In addition to the Montessori Preschool, the school is subdivided into the Elementary School (Grades 1 to 5), Middle School (Grades 6 to 8) and High School (Grades 9 to 12). An Ecole Française ("French School") was opened in 2007 and is available to children from maternelle to cours moyen 2 (ages 5/6 to 10/11). The ecole also provides programs for students in middle and high school who wish to continue learning French as their primary language via the National Centre for Distance Education (CNED).
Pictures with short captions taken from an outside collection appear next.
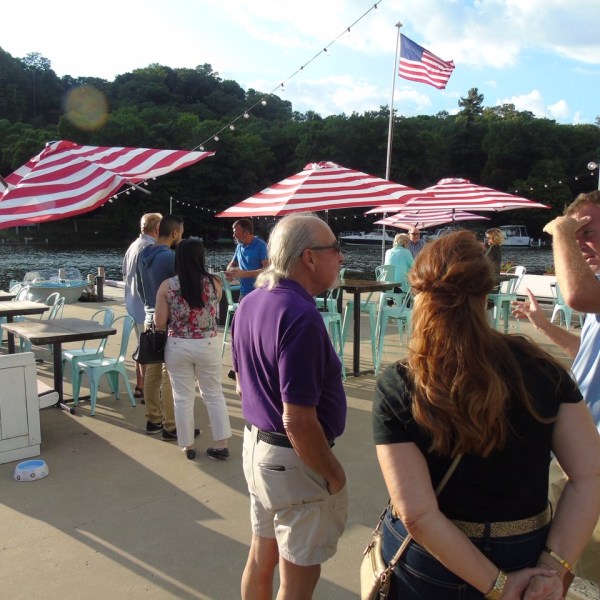 a group of people standing next to an umbrella
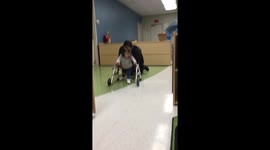 Baby with Down syndrome learns to walks with a walker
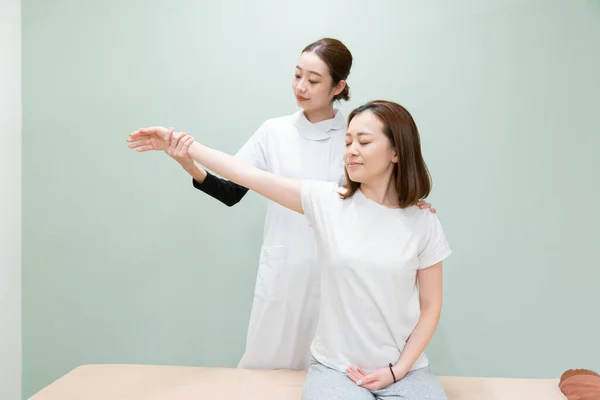 Asiatische Ärztin Massiert Schulter Und Arm Einer Patientin — Stockfoto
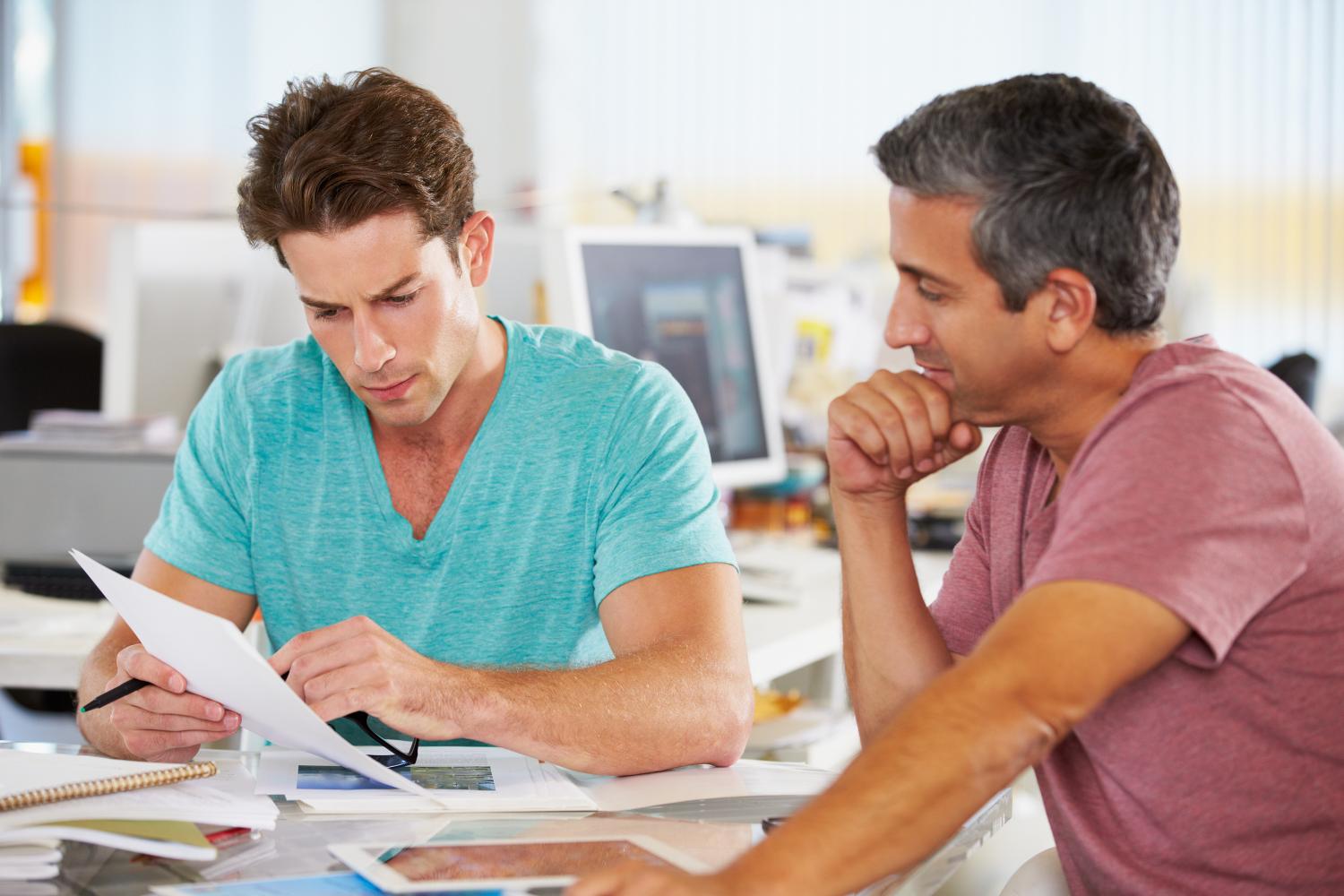 Photo of two men at table 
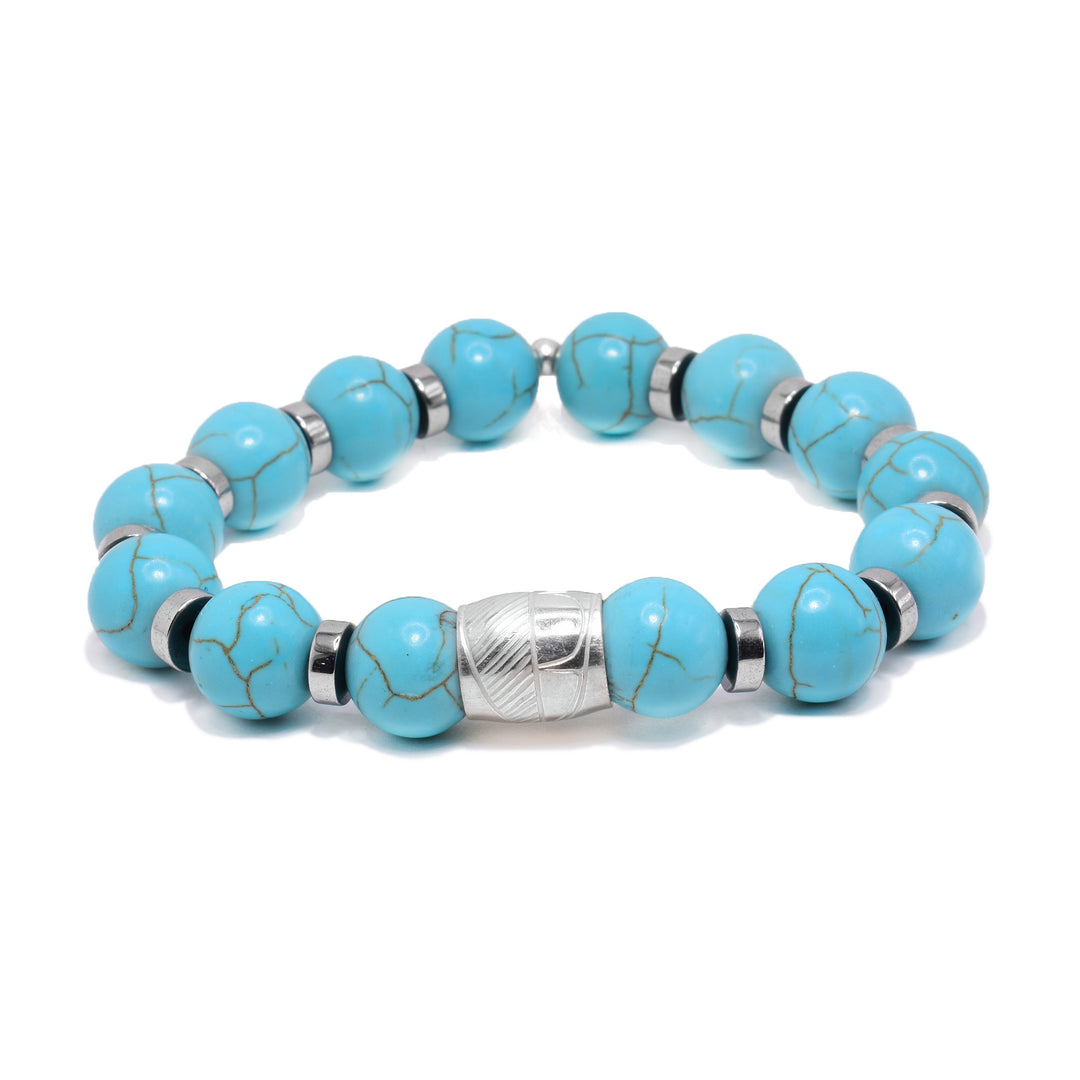 This sterling silver and turquoise bracelet as sphere beads made from the gems and flat circle silver spacers. There is a spirit bead featured on the piece with a depiction of a feather carved into it.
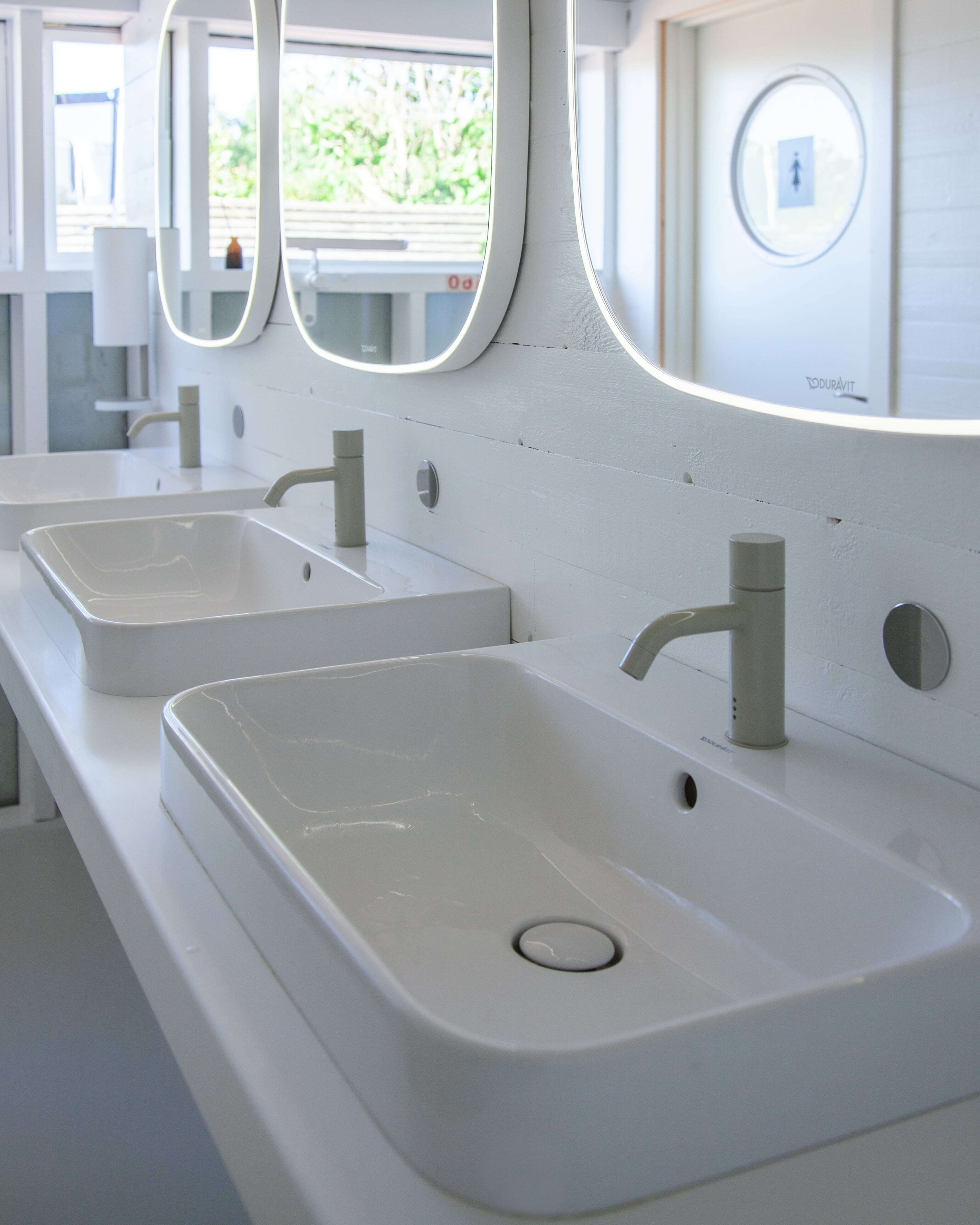 Weiße Aufsatzwaschbecken und abgerundete Spiegel von Duravit im Waschraum des Badehauses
Students entering Grade 9 (first year of high school) prepare to take the IGCSE in Grade 10 and go on to the IB Diploma Programme for Grades 11 and 12. There are options to take Advanced Placement classes and the PSAT or SAT exams.

==Notable alumni==
- Thane Camus – actor
- Miki Irie - model and actor
- Hana Kamihara - Japanese Radio, TV host)
- Karen Kirishima - model
- Kanako Michi - actor and singer
- Yuuki Kurei – singer of Kimaguren (ja)
- Thomas Nozomi de Lencquesaing – actor and model
- Nicola Pagett – British actress
- Yuki Shimizu - manga artist
- Shanti Snyder – Japanese-American singer and songwriter
- Mie Yamaguchi – TV presenter

==See also==
- Sisters of the Holy Infant Jesus
  - ja:学校法人雙葉学園 (Gakkō Hōjin Futaba Gakuen)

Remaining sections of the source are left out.